[Entries shown]:
++++

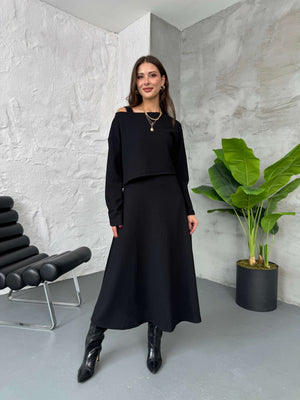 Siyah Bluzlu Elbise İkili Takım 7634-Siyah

++++

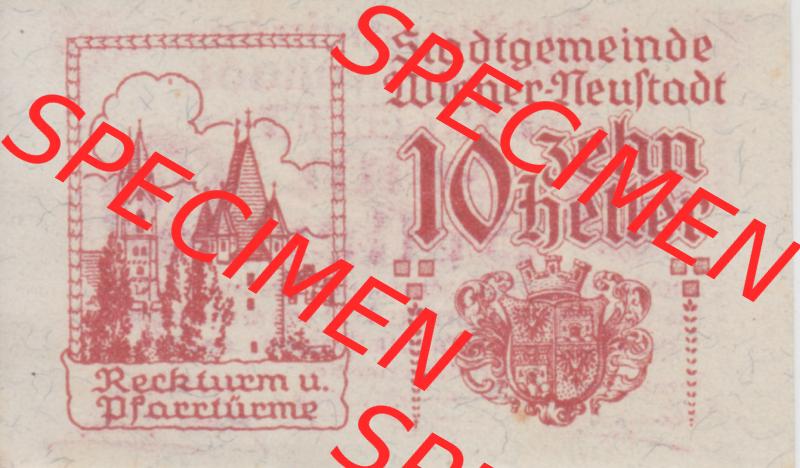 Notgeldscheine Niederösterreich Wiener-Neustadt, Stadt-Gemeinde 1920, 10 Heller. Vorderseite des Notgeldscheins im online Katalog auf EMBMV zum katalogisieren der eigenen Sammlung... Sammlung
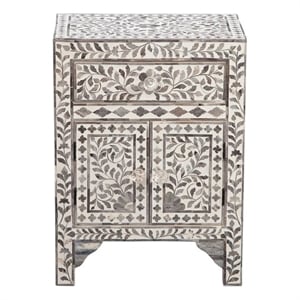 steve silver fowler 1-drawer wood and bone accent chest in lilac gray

++++

[What is being asked]:
Your answer should be the exact lines above from the one containing "Notgeldscheine Niederösterreich Wiener-Neustadt, Stadt-Gemeinde" through the one containing "steve silver fowler", with both end lines kept and the pictures removed, please.

[The answer]:
 Notgeldscheine Niederösterreich Wiener-Neustadt, Stadt-Gemeinde 1920, 10 Heller. Vorderseite des Notgeldscheins im online Katalog auf EMBMV zum katalogisieren der eigenen Sammlung... Sammlung
 steve silver fowler 1-drawer wood and bone accent chest in lilac gray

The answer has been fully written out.